In MRI, low signals junctional zone (JZ) <8 mm excludes diagnosis whereas JZ >12mm is suggestive of adenomyosis. MRI features include well-circumscribed, localized form adenomyoma, adenomyomatous polyp.
In our study, MRI was requisitioned for confirmation of diagnosis. Patients were counseled about the importance of MRI. A total of 32% of patients opted for an MRI in our study, which confirmed the findings of the ultrasound.
SUMMARY AND CONCLUSION
- The clinical diagnosis of adenomyosis has been called enigmatic largely because there are no pathognomonic symptoms of this disease.
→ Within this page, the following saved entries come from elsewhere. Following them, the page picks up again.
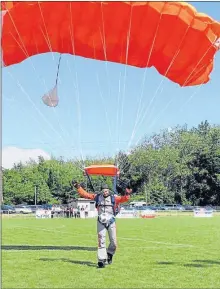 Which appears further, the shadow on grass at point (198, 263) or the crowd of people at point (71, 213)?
the crowd of people at point (71, 213)

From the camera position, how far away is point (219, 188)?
69.9m

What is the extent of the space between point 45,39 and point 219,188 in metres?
61.4

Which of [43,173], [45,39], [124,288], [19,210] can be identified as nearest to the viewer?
[124,288]

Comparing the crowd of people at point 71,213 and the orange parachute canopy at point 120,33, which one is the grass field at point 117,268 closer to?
the orange parachute canopy at point 120,33

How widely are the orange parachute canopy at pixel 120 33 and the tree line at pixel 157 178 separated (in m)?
55.9

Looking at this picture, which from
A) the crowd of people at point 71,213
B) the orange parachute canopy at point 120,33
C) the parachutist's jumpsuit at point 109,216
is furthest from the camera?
the crowd of people at point 71,213

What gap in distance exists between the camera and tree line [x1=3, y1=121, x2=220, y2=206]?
70.1 meters

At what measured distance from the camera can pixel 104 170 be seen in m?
9.50

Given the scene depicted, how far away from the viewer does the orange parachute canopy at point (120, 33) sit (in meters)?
10.2

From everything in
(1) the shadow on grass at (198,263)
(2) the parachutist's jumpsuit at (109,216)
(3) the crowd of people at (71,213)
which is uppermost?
(3) the crowd of people at (71,213)

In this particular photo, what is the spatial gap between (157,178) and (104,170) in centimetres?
6539

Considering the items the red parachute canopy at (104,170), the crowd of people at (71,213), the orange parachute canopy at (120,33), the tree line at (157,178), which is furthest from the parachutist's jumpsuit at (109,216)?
the tree line at (157,178)

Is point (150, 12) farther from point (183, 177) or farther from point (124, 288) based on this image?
point (183, 177)

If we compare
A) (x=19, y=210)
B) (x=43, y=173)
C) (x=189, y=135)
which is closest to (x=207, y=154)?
(x=189, y=135) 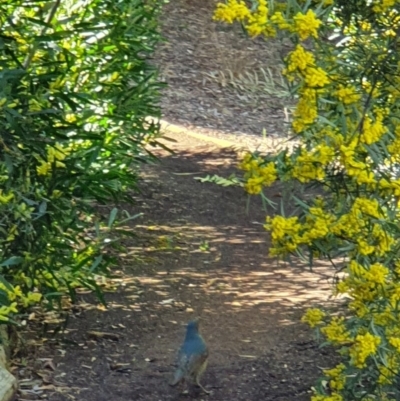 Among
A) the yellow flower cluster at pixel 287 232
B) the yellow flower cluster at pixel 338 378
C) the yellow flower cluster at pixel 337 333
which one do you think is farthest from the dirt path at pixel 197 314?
the yellow flower cluster at pixel 287 232

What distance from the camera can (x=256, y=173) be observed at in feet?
10.9

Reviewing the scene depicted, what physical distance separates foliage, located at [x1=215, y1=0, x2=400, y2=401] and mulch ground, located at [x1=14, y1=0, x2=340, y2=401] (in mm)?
1767

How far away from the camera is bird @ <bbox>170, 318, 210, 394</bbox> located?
192 inches

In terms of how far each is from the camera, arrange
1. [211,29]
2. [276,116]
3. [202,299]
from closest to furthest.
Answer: [202,299]
[276,116]
[211,29]

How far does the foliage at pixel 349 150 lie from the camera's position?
314cm

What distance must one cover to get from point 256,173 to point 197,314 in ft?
9.91

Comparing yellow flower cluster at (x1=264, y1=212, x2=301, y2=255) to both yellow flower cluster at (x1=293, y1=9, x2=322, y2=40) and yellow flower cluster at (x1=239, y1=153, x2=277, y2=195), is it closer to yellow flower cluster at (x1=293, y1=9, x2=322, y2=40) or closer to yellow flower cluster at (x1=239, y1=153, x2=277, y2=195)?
yellow flower cluster at (x1=239, y1=153, x2=277, y2=195)

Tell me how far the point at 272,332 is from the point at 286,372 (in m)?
0.63

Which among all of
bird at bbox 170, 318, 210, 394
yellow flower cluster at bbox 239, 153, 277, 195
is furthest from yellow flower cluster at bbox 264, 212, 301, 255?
bird at bbox 170, 318, 210, 394

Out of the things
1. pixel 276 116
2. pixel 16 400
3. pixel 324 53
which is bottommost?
pixel 16 400

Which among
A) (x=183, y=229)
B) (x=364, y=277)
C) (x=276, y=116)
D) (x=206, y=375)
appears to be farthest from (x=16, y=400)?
(x=276, y=116)

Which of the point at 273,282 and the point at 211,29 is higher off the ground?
the point at 211,29

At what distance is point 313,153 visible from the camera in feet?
10.7

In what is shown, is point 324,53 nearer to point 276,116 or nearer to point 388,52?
point 388,52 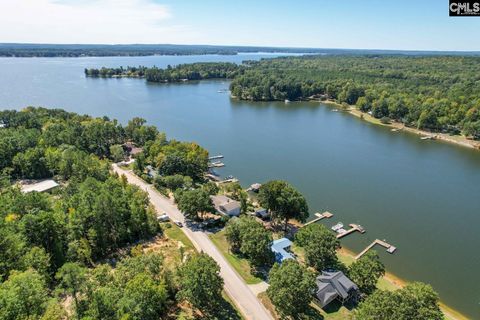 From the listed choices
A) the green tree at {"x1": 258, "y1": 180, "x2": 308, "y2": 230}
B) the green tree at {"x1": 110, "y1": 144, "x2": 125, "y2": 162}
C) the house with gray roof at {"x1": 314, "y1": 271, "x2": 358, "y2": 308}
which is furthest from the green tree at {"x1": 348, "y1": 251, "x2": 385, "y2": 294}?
the green tree at {"x1": 110, "y1": 144, "x2": 125, "y2": 162}

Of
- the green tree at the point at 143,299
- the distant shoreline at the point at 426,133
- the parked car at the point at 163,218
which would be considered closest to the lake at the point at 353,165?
the distant shoreline at the point at 426,133

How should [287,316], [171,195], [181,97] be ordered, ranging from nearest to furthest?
[287,316], [171,195], [181,97]

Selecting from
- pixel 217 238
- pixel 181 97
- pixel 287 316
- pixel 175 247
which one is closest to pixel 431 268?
pixel 287 316

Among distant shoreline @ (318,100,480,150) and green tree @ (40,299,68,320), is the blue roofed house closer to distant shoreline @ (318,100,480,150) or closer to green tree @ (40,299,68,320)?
green tree @ (40,299,68,320)

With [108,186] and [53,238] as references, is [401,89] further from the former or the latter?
[53,238]

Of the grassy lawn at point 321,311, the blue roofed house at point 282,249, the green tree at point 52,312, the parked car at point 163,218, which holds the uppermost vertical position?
the green tree at point 52,312

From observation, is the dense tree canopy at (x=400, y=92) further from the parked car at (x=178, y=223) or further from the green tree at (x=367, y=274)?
the parked car at (x=178, y=223)
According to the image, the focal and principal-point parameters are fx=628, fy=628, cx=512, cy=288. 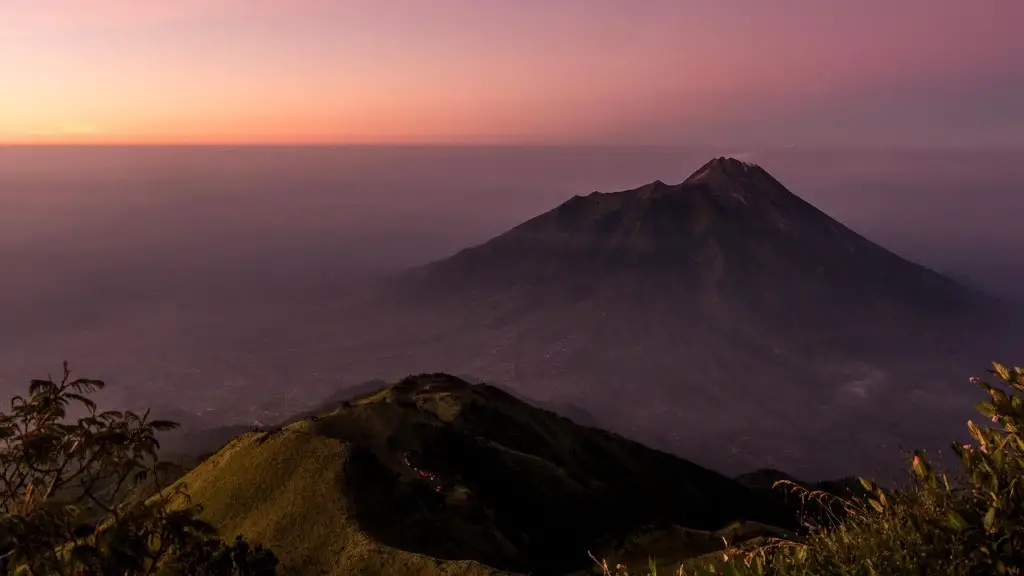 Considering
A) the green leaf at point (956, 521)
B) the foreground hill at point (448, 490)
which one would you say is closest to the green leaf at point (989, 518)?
the green leaf at point (956, 521)

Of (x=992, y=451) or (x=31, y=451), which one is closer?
(x=992, y=451)

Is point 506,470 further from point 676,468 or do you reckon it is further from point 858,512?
point 858,512

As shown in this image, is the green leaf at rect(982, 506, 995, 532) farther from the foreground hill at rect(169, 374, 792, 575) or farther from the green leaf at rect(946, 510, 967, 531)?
the foreground hill at rect(169, 374, 792, 575)

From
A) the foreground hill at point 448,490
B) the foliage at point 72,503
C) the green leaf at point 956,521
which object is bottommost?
the foreground hill at point 448,490

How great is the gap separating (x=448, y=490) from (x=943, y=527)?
52444mm

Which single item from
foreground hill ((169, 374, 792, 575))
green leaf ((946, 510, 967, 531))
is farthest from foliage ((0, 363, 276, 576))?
foreground hill ((169, 374, 792, 575))

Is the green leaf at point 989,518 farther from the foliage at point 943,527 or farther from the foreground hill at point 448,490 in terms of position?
the foreground hill at point 448,490

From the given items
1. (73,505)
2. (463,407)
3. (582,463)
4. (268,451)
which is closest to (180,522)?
(73,505)

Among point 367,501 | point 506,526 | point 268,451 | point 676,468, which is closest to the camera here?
point 367,501

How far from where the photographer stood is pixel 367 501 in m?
41.5

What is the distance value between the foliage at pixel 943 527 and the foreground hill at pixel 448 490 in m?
24.7

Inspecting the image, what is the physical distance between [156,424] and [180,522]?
1.45 meters

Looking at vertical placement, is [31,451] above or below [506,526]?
above

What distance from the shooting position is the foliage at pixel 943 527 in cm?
738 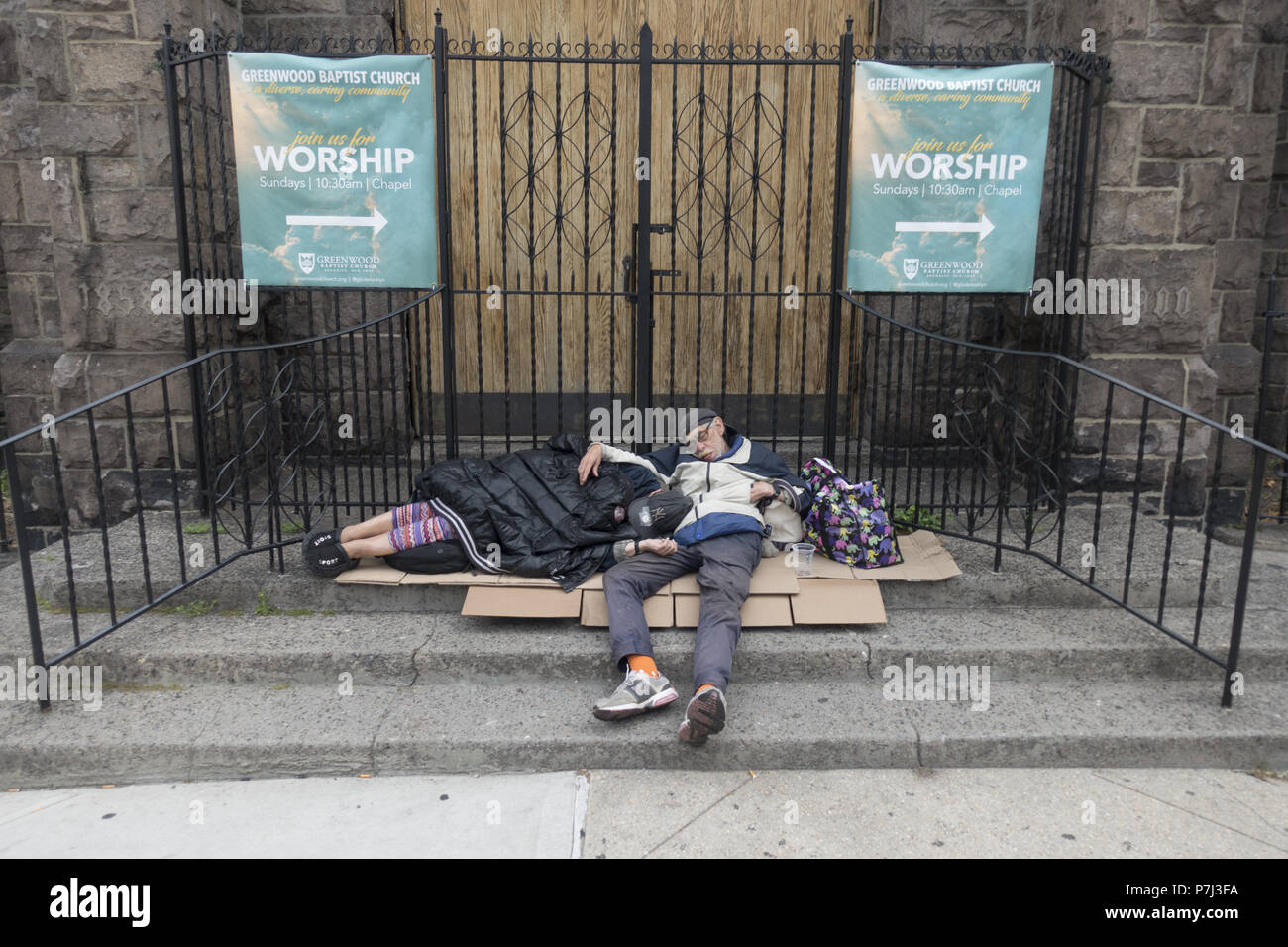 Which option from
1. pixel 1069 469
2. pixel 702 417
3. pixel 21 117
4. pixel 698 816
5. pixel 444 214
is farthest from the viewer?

- In our study, it was found out that adenomyosis mainly presents with menstrual irregularities along with dysmenorrhea.
- Clinical suspicion of adenomyosis was confirmed with radiological investigations including ultrasound. MRI was requisitioned. It was found out that out of the patients who had VAS score less than 7, 22.58% had adenomyosis with normal uterus while 12.90% had bulky uterus with adenomyosis on ultrasound. Of the patients who had VAS score more than or equal to 7, 9.68% had adenomyosis with normal uterus while 54.84% had bulky uterus with adenomyosis.
- MRI supplemented the ultrasound findings and was found useful in the confirmation of adenomyosis.